# Help Me Pick a Nickname for a Shiny Male Espurr!



## Holla (Jun 7, 2014)

So, I've been breeding Espurrs whenever I've gotten the chance to over the past several weeks and I finally hatched one! (Just for those that don't know I have a bit of an Espurr obsession, and this shiny one will likely be among my most prized Shinies). I am super happy as he has both the egg move Assist, and his Hidden ability!  He is male, and I will not be evolving him. Any name suggestions would be appreciated. I like both cheesy cutesy nicknames as well as interesting meaningful ones. Thanks for any ideas!

Here is a pic:



​


----------



## L. Lawliet (Jun 7, 2014)

PTSD


----------



## spacedog (Jun 7, 2014)

L. Lawliet said:


> PTSD




om fg


----------



## L. Lawliet (Jun 7, 2014)

OIntensify, if you enjoy memes


----------



## Jake (Jun 7, 2014)

Willy

(It was the first name I thought of and I think it's cute as long as you done evolve it)


----------



## Holla (Jun 7, 2014)

L. Lawliet said:


> PTSD



Haha, funny suggestion there. I actually just a did project on PTSD yesterday for school. Thanks for the suggestion though. 

- - - Post Merge - - -



Jake. said:


> Willy
> 
> (It was the first name I thought of and I think it's cute as long as you done evolve it)
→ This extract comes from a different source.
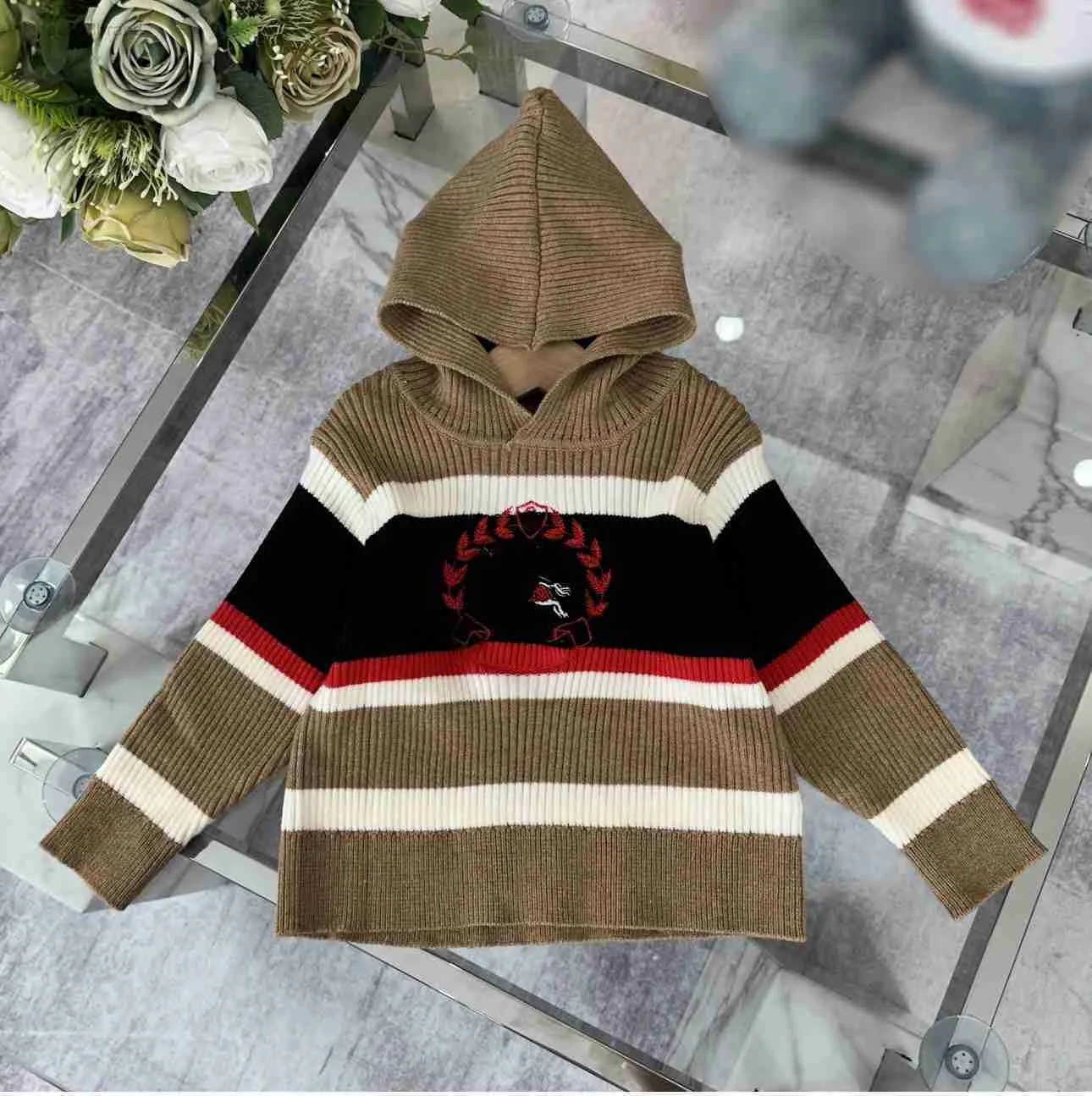 Projektant Baby Pullover Kids Multi Color Stripe Design Sweter z kapturem Rozmiar 100-160 cm Wysokiej jakości dzianin z długim rękawem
Thanks, it is very cute! Yeah, I'm not about to evolve him. I like Meowstic and all (especially the male one), but I prefer Espurr more. Not to mention I'm not a fan of white and yellow shiny Meowstic, a super shiny pale pink Espurr is much cuter! ^.^


----------



## Holla (Jun 7, 2014)

His colour kinda reminds me of a Strawberry Milkshake haha.  now that I think about it.


----------



## L. Lawliet (Jun 7, 2014)

Barry maybe?


----------



## Dr J (Jun 8, 2014)

O_O


----------



## Capella (Jun 8, 2014)

coolguy21


----------



## Sanaki (Jun 8, 2014)

Maru :3
Milo


----------



## SableShy (Jun 10, 2014)

Whispurr


----------



## SuperSparky1 (Jun 10, 2014)

Name it Luigi because of their death stares.


----------



## MayorSaki (Jun 11, 2014)

A-Drei.. xD


----------



## Flop (Jun 11, 2014)

MyBraaand


----------